Wednesday, July 23, 2008

Update: It's more like $300B

Most Pickle readers will be unaware that I'm working at an economic consulting firm this summer, between years of my graduate degree. Accordingly, when one or two people at work caught a glimpse of my post from Friday, I got busted. Using the backs of better, more experienced envelopes, they insisted that my figure of $80B today to take a wrecking ball to all existing coal and gas generation assets on 1/1/2019 is way too low, for a couple of reasons: my initial cost per plant was too low, the useful life was too short, and, probably most importantly, I was using book value, when the real measure of what we taxpayers would owe to the owners should be market value - much higher. I'm hearing numbers between $250B and $600B. I still think the latter is too high - what is government good for if not paying people too little for stuff it says they have to do?

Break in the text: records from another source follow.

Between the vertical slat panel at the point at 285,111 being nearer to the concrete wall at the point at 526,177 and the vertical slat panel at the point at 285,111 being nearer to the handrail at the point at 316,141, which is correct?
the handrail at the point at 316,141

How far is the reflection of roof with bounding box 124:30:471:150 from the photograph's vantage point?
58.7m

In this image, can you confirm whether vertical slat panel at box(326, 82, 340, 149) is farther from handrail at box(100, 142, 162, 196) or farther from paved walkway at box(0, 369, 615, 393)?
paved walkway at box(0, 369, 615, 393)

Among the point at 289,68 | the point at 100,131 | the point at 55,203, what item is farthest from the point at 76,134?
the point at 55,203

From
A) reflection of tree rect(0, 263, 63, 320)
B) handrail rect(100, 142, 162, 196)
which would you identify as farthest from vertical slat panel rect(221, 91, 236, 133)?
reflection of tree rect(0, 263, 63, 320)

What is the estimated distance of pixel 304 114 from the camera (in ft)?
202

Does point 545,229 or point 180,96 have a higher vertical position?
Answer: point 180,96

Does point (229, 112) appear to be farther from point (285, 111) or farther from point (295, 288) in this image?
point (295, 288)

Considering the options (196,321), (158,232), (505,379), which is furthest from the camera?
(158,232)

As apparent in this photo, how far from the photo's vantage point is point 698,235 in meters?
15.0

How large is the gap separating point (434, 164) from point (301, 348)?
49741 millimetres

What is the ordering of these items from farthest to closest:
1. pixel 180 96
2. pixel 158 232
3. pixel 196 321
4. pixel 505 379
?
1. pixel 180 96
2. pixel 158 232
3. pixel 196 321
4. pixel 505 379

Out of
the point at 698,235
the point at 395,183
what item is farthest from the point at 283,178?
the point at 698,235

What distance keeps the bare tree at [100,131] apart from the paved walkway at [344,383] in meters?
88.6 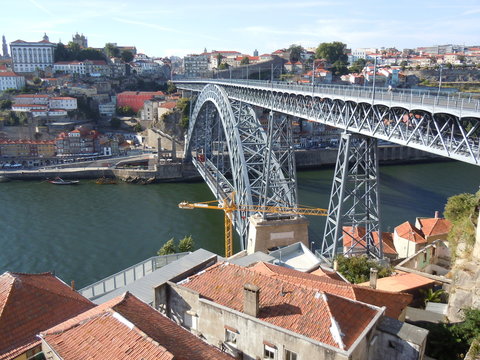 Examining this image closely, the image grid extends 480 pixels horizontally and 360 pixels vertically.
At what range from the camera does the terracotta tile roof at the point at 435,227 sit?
1777 cm

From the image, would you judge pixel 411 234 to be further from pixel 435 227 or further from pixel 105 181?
pixel 105 181

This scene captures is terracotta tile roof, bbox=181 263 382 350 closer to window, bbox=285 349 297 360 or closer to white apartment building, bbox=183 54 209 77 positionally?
window, bbox=285 349 297 360

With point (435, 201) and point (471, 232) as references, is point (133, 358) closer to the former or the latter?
point (471, 232)

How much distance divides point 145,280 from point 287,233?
874 centimetres

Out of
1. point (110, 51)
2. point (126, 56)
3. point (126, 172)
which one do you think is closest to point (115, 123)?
point (126, 172)

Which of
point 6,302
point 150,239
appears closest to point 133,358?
point 6,302

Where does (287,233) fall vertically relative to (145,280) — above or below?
below

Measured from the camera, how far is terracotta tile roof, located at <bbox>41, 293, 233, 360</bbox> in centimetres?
541

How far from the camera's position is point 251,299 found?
20.8 feet

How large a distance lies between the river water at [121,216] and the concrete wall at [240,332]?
11.5 metres

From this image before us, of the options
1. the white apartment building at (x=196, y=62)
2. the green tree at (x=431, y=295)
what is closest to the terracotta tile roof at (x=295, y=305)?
the green tree at (x=431, y=295)

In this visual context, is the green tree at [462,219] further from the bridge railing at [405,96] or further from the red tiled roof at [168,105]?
the red tiled roof at [168,105]

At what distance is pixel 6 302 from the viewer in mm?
7203

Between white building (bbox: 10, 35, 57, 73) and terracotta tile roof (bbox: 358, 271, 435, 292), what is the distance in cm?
6500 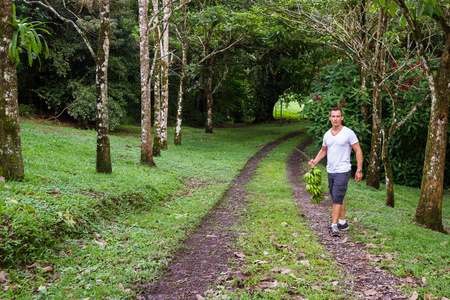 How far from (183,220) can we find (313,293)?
3.37 meters

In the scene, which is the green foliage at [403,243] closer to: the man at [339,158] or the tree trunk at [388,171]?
the tree trunk at [388,171]

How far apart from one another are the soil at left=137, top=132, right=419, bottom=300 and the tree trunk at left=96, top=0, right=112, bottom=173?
3.24 m

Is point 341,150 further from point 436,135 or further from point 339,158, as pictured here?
point 436,135

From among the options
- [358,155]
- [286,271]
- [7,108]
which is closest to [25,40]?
[7,108]

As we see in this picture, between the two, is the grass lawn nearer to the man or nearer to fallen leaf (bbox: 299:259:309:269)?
fallen leaf (bbox: 299:259:309:269)

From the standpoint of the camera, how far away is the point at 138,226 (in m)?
6.05

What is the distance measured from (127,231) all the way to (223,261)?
1.96m

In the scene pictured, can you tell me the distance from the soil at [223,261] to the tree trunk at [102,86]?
324cm

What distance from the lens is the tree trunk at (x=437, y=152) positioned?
654 cm

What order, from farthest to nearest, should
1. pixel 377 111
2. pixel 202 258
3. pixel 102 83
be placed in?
1. pixel 377 111
2. pixel 102 83
3. pixel 202 258

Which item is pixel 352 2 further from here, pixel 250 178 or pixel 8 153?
pixel 8 153

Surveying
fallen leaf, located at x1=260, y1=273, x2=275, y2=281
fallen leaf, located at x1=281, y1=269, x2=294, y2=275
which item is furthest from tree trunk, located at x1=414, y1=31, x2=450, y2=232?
fallen leaf, located at x1=260, y1=273, x2=275, y2=281

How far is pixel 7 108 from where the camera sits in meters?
5.61

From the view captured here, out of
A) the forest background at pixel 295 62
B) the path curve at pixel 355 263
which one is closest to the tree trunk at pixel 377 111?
the forest background at pixel 295 62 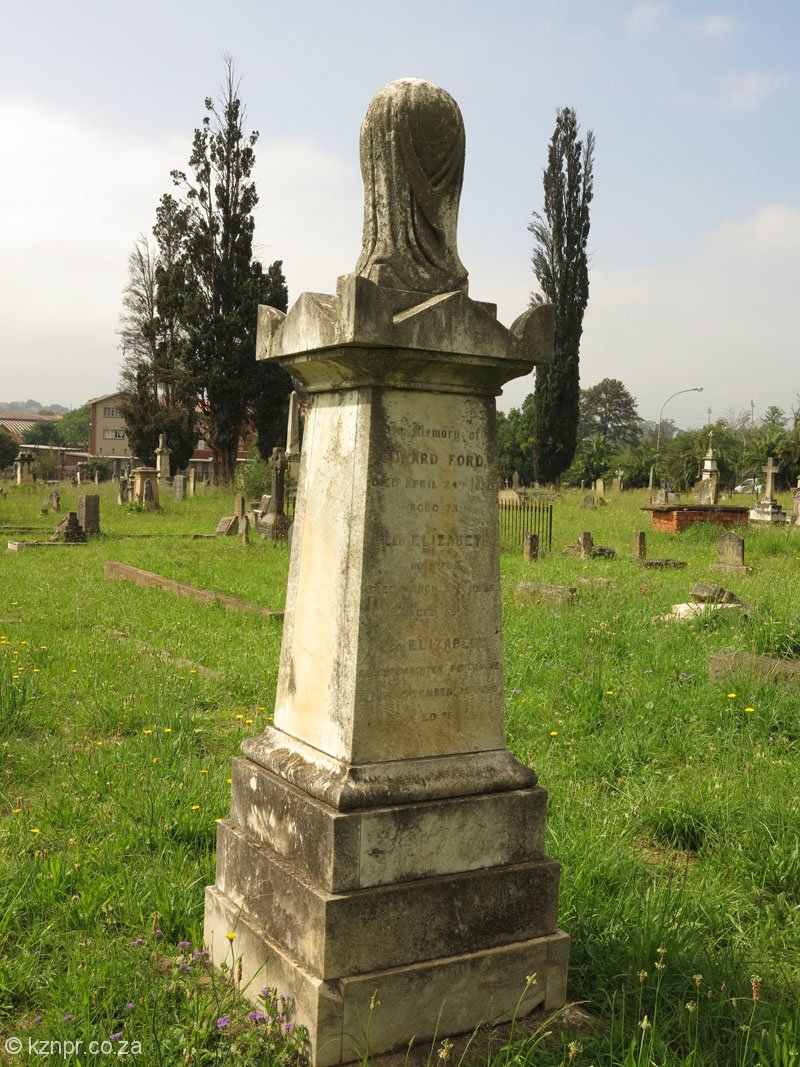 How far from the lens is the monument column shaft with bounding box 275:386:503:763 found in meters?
2.94

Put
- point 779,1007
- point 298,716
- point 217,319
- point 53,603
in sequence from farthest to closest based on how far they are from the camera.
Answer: point 217,319 → point 53,603 → point 298,716 → point 779,1007

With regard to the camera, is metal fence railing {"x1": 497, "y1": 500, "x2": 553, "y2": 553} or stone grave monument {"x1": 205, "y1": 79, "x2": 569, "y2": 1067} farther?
metal fence railing {"x1": 497, "y1": 500, "x2": 553, "y2": 553}

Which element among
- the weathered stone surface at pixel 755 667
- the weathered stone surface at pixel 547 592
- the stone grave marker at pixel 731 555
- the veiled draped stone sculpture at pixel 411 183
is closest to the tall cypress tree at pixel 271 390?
the stone grave marker at pixel 731 555

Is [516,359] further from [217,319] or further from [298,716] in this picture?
[217,319]

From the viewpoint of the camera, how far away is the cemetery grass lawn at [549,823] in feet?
9.57

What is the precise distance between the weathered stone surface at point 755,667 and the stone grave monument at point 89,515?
596 inches

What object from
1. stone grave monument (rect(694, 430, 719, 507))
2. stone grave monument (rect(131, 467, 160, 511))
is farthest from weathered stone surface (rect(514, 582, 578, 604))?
stone grave monument (rect(131, 467, 160, 511))

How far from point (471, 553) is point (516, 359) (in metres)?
0.63

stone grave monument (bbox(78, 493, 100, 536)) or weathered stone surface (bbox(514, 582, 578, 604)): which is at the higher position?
stone grave monument (bbox(78, 493, 100, 536))

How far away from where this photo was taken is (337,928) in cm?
276

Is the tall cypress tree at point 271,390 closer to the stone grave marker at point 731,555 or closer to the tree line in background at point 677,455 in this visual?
the tree line in background at point 677,455

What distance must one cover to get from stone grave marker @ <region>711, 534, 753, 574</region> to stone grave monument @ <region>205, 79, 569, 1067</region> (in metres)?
11.2

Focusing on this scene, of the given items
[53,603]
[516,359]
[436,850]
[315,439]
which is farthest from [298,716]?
[53,603]

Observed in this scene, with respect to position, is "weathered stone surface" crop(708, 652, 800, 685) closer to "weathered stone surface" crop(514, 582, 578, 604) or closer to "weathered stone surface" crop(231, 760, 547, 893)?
"weathered stone surface" crop(514, 582, 578, 604) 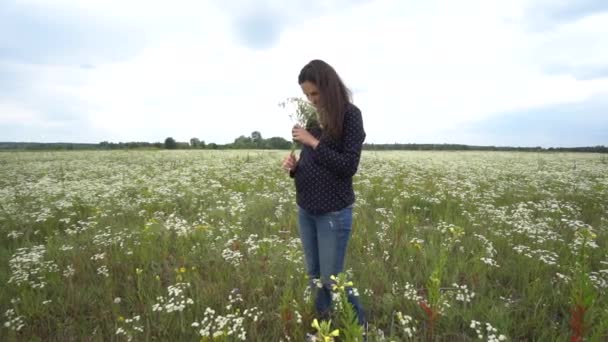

But it's also important to note, as I said in the original post, that this is only one of the costs of the Gore proposal. The cost to replace all that carbon-fueled generation is much higher, in the neighborhood of 1 to 3 trillion. But I wouldn't call that a cost of the plan, in the same way that we call the shuttering of all coal and gas plants a cost. In the former case, market participants would see a huge demand - for electricity - that can not be met once 70% of all existing generation is gone, and they would move to fill that void, with the expectation of earning a return on their investment. In the latter case, however, there is no return - it's taking things that are worth something, and turning them into piles of rubble, worth only the salvage value of the raw materials. That's like burning cash. Dollar-for-dollar, it's the far more economically powerful of those two classes of costs, and that's why, even though it's the small of the two, it's the one on which I chose to focus in my post.